Há dias de puro cansaço. E é apenas março. Mas parece que já faz um ano que o ano começou. Sensação já bem conhecida. Presumo que estejamos (re)vivendo essa sensação desde de 2020, quando começamos a enfrentar a pandemia. Mas será apenas isso? Penso que a resposta seja bem mais complexa. Há um cansaço do tempo que vivemos, mas também do espaço. Há um cansaço de ver se repetir a vida.
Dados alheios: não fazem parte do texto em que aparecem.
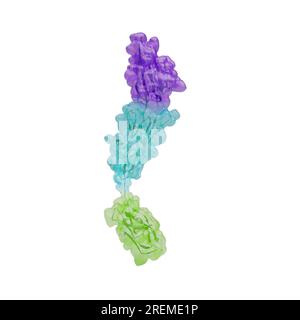 Illustrazione dei domini extracellulari V (viola), C1 (ciano) e C2 (verde) del recettore per i prodotti finali della glicazione avanzata (RABBIA). Questa proteina transmembrana appartiene alla superfamiglia delle immunoglobuline ed è in grado di legarsi a molecole multiple. Il legame produce una cascata di segnali che causa l'attivazione del gene pro-infiammatorio. L'espressione della RABBIA è stimolata da stress cellulari, come l'infiammazione, e quindi questo porta a un ciclo di feedback positivo che porta a un'infiammazione cronica. Foto Stock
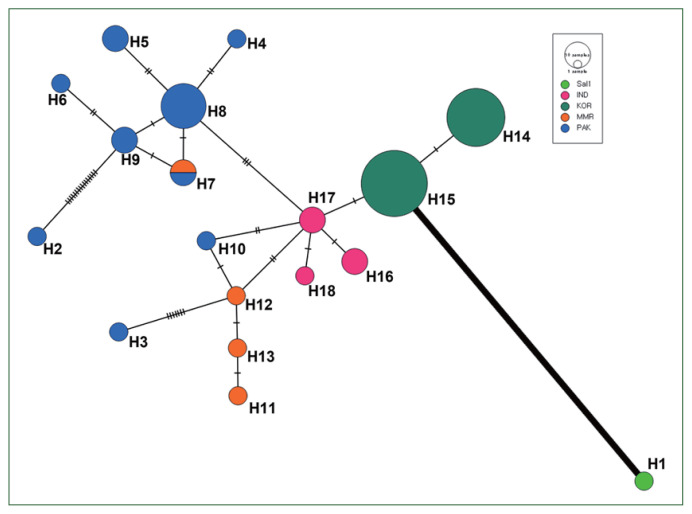 Population genetic analysis of Plasmodium vivax vir genes in Pakistan.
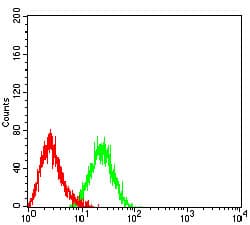CCR7 Antibody (clone 7A5A9)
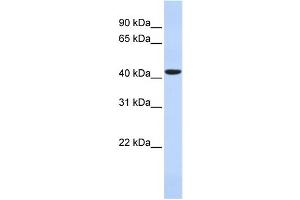 WB Suggested Anti-HAVCR1 Antibody Titration: 0. (HAVCR1 anticorps  (N-Term))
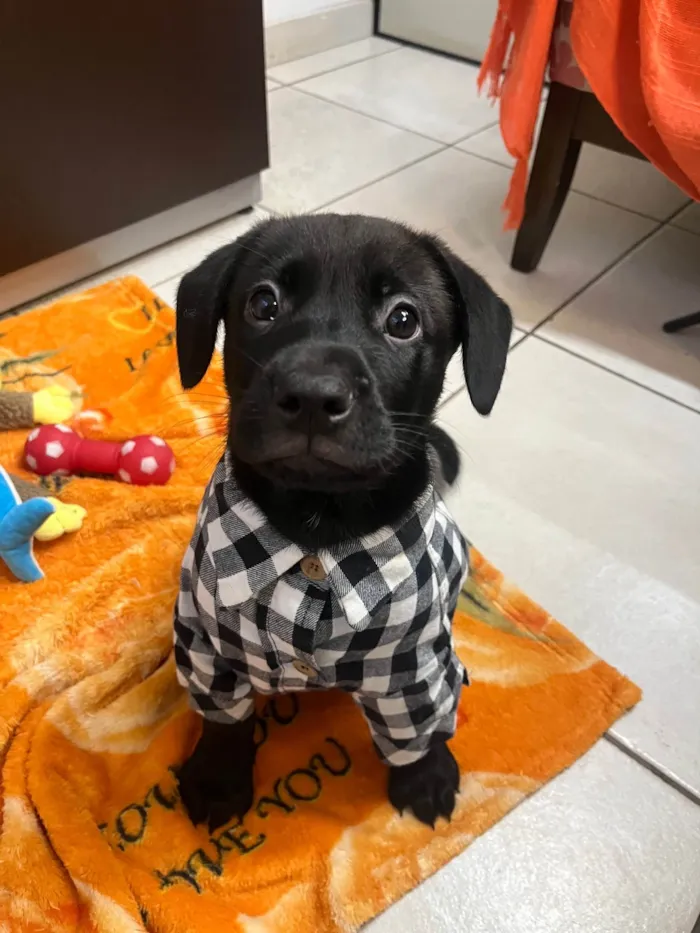 Cachorro ra a SRD-ViraLata idade Abaixo de 2 meses nome Frodo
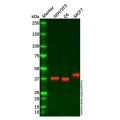 Recombinant SIRT6 Antibody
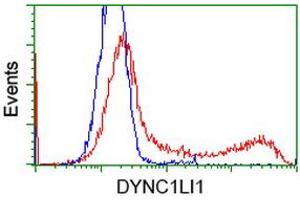 HEK293T cells transfected with either RC222010 overexpress plasmid (Red) or empty vector control plasmid (Blue) were immunostained by anti-DYNC1LI1 antibody (ABIN2452965), and then analyzed by flow cytometry. (DYNC1LI1 antibody)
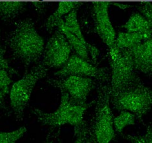 UVRAG Antibody - Detection of UVRAG in formaldehyde-fixed neuroblastoma SK-N-BE cells.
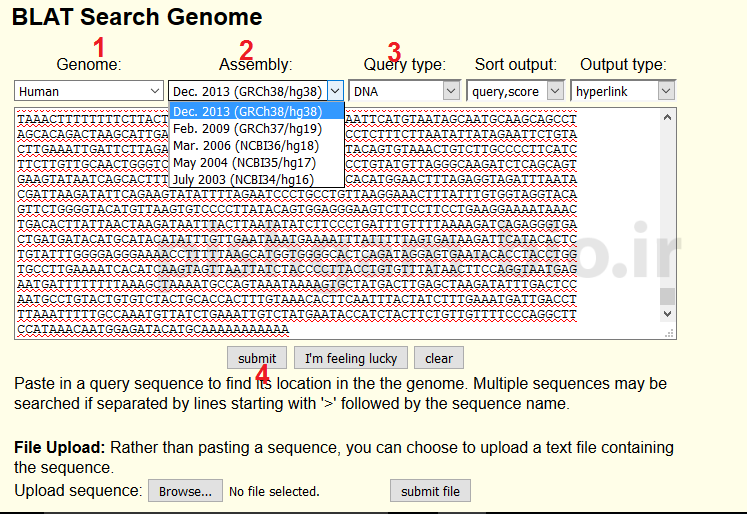 آموزش blat در پایگاه داده یو سی اس سی (UCSC Genome Browser)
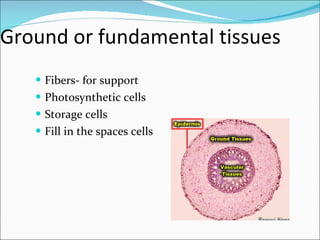 Ground or fundamental tissues Fibers- for support Photosynthetic cells Storage cells Fill in the spaces cells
E entra ano e sai ano e parece que não vivemos de verdade. Sempre correndo atrás da máquina, buscando condições melhores de vida, pagando impostos, contas e esperando o fim de semana para descansar. Mas no fim de semana temos de organizar nossa semana. Daí a sensação de um looping eterno. Talvez estejamos cansados disso, também. Dessa roda de samsara em que nos metemos. Sim, para além das exigências do dia a dia, somos responsáveis pela vida que levamos. Manobramos nossa existência como se fosse um grande navio a atravessar o oceano. Fazemos força. Puxamos nossa embarcação para o lado que achamos melhor. Pesquisamos nosso mapa de navegação. Retraçamos a trajetória. Levantamos âncora. Baixamos âncora. Levantamos outra vez. Há dias de calmaria e há dia de pura tempestade. E há dias que realmente parece que vamos naufragar.
Talvez tivéssemos que aprender a largar a direção. Soltar. Deixar que o mar nos carregue um pouco e nos mostre ele, a direção. Estamos tão preocupados em chegar a algum lugar (que nem sempre sabemos onde é), que talvez o melhor seja seguir a filosofia do sábio Zeca Pagodinho e deixar a vida nos levar. Ouvi isso fim de semana passado, num encontro entre pessoas já queridas e fiquei refletindo. Sim. Às vezes é preciso que tenhamos coragem de apenas fluir. Desejamos tanto ser mais leves, mas somos incapazes de abandonar nossos pesos. Afinal, somos o que somos pelas dores que também carregamos. E quantas vezes nos identificamos pelas feridas (que não deixamos cicatrizar)?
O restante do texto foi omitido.